- Requirement
From the listing that follows, output everything exactly except the pictures.

- Data shown
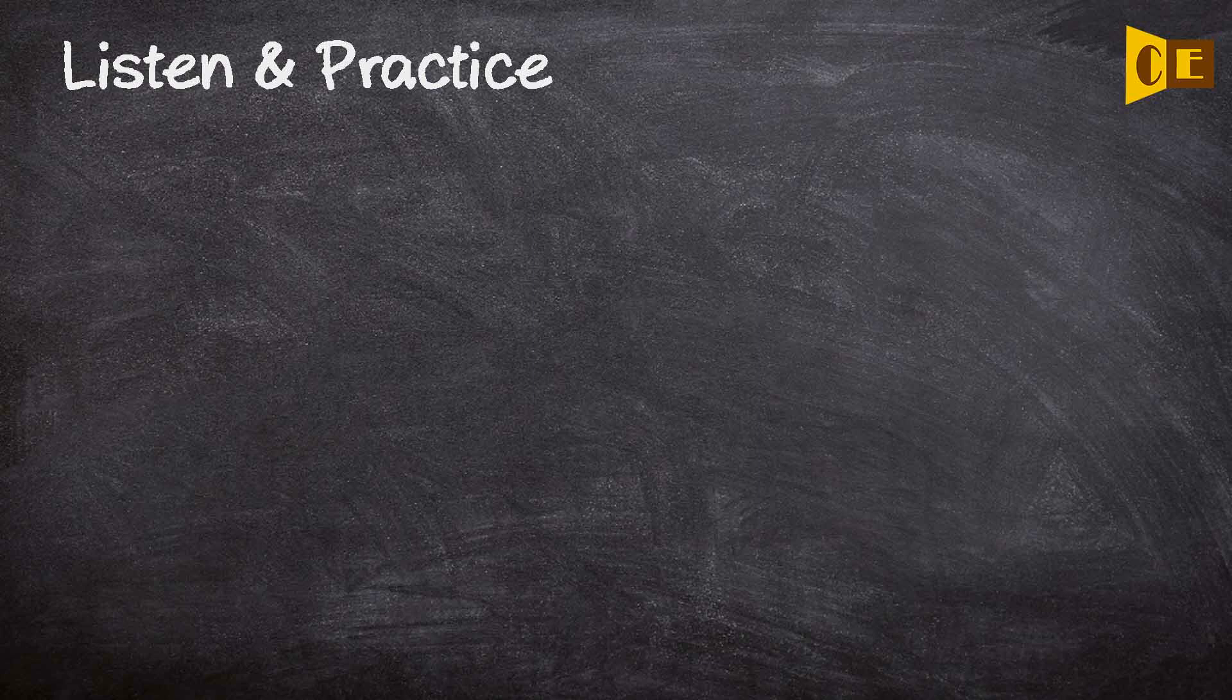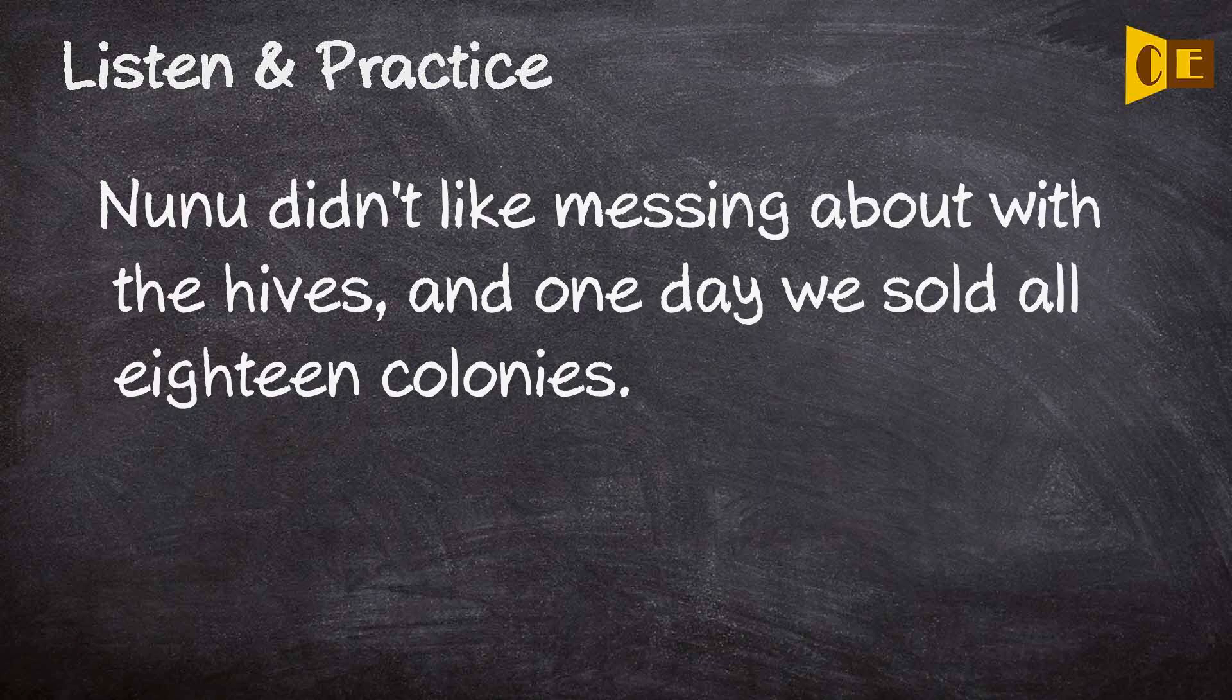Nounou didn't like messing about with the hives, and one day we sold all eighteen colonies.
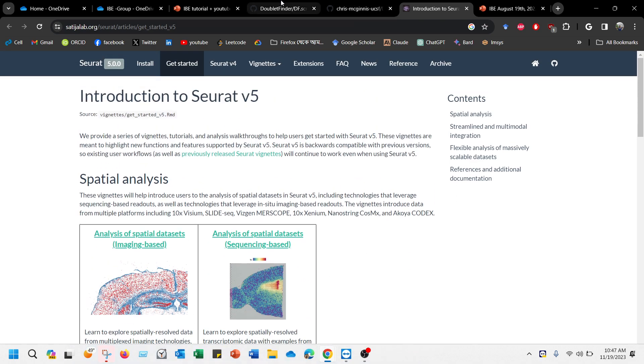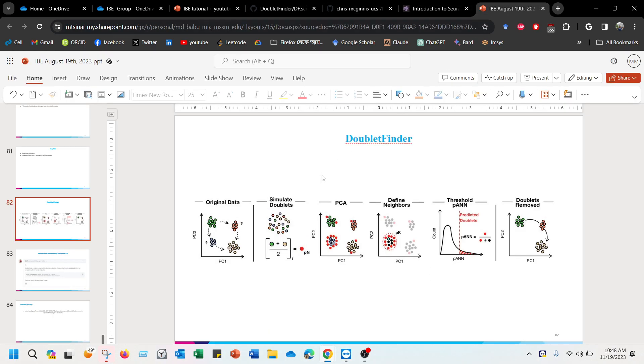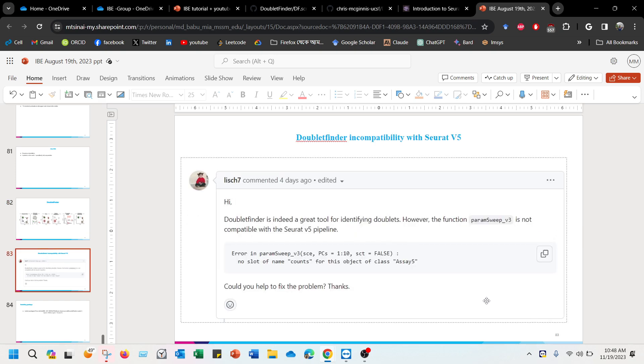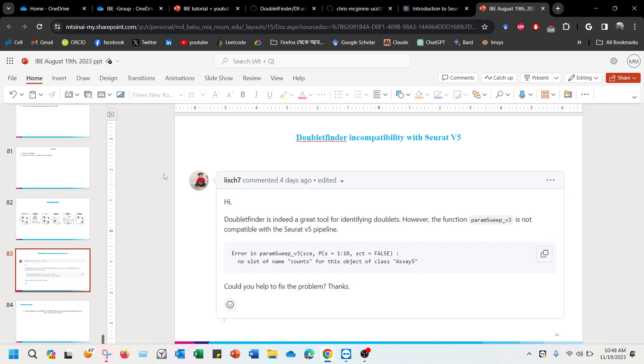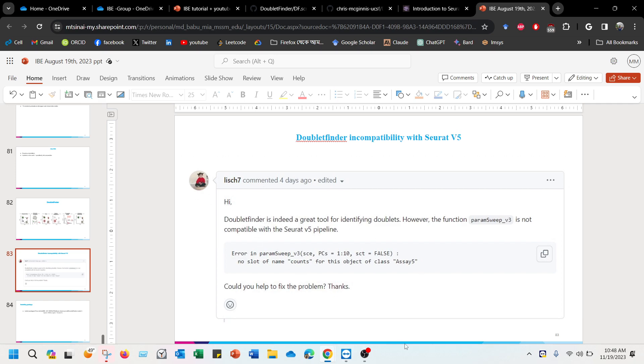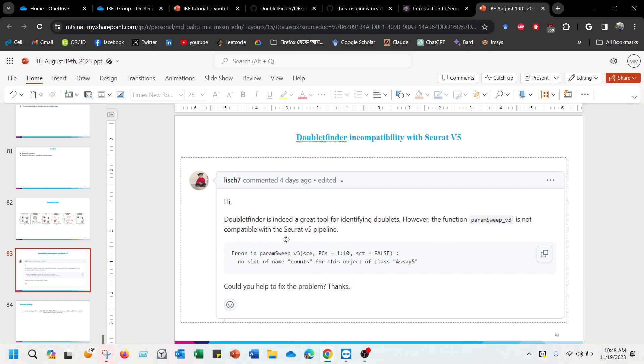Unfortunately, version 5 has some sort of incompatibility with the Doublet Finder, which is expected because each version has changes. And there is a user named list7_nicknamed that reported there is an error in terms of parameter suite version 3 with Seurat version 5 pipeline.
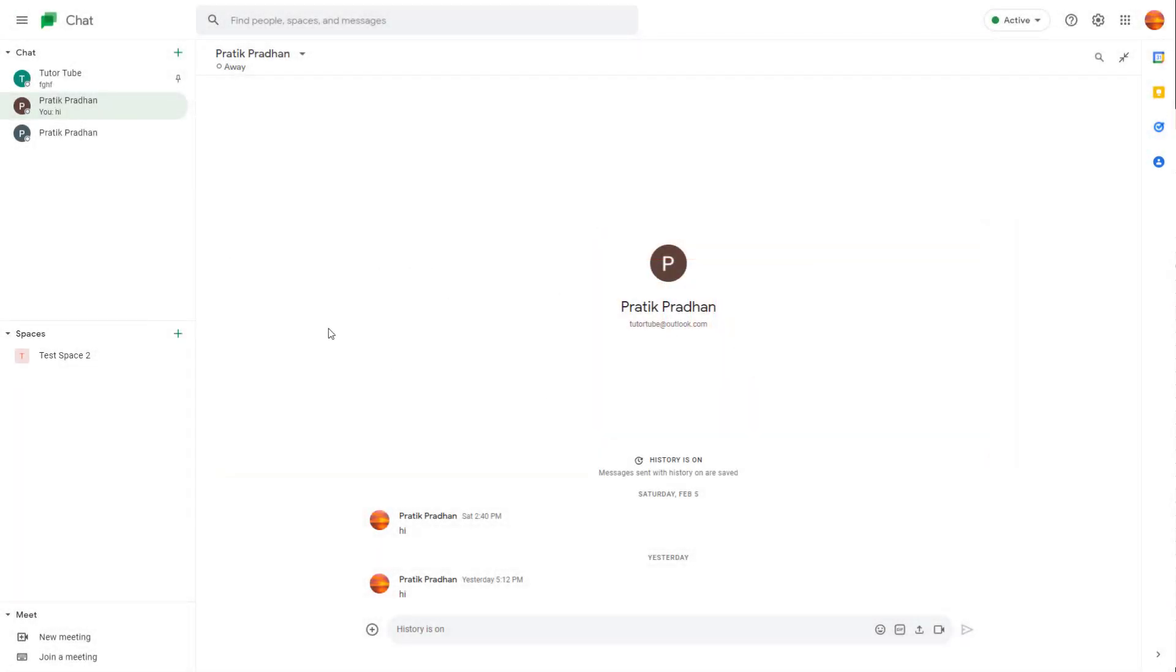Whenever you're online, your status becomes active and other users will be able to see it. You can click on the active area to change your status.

- Your solution
Nounou didn't like messing about with the hives, and one day we sold all eighteen colonies.
Unfortunately, version 5 has some sort of incompatibility with the Doublet Finder, which is expected because each version has changes. And there is a user named list7_nicknamed that reported there is an error in terms of parameter suite version 3 with Seurat version 5 pipeline.
Whenever you're online, your status becomes active and other users will be able to see it. You can click on the active area to change your status.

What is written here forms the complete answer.